The installation on display
is Impulse Reactor: A Device for Detecting,
Entering, and Converting Past Lies Traveling
Underground and in the Air. As part of his
interrogation of the “mechanics of thought,”
Oppenheim conceived the piece as a kind of
“nuclear power plant of the mind.”
Our raw thoughts are represented by stones
waiting on conveyor belts to enter a giant
and complex mechanized armature, a structure
that seems to want to extract something from
these stones, to metaphorically mine our minds
for lies. At the same time, the reactor attracts
lies coming through the airwaves with its
great antennae and magnets. The piece integrates
two gas heaters with whirring fans, but the
antennae, magnets, paper tapes, springs, vents,
conveyor belts, exhaust pipes and other elements
of the reactor all seem to wait for activation.
As Oppenheim says, “As a structural
hallucination, it wants to be capable of another
life,” and the piece gains much of its
potency from its apparent potentiality. This
giant lie detector is a metaphor, or a “surrogate
mind,” but like the other Factory Projects,
it also raises important questions about the
use and accuracy of cognitive models, paradigms
of knowledge, and the conceptual grounds of
art-making.

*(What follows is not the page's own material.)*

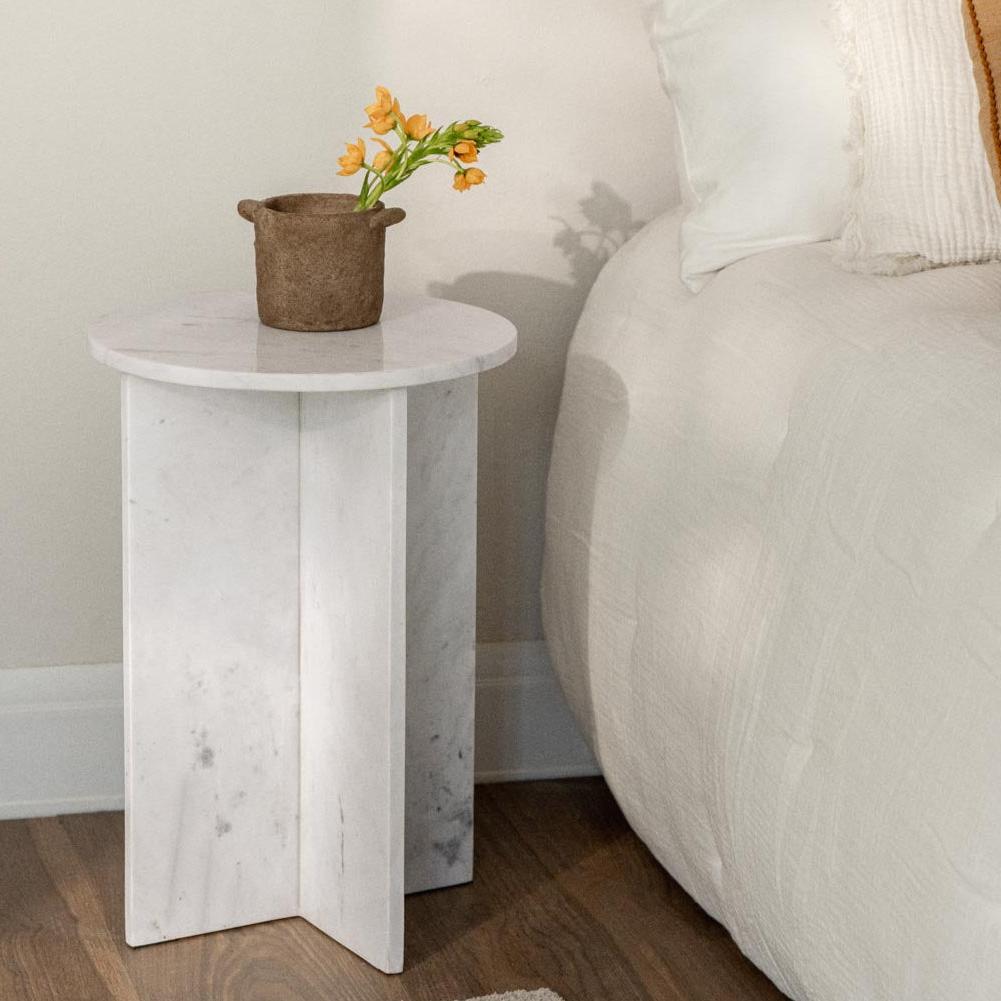 Tables Rondes en Marbre Blanc - Lot de 2-Atelier Travertin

Indeed, the machine anticipates
both a physical and metaphysical activation,
so the question is, “How do we turn
it on?”
A viewer may project upon
vehicles like Impulse Reactor, Scan, and Accelerator
for Evil Thoughts, but what the machines reflect
back through their polished metal surfaces
is far from a mirror image. One man conceived
all of the Factory Projects, yet in their
presence, one feels that the machines have
taken on a life of their own. It’s no
wonder that Oppenheim has been characterized
as a mad scientist, working his idiosyncratic
notions through extravagant machines and explosions.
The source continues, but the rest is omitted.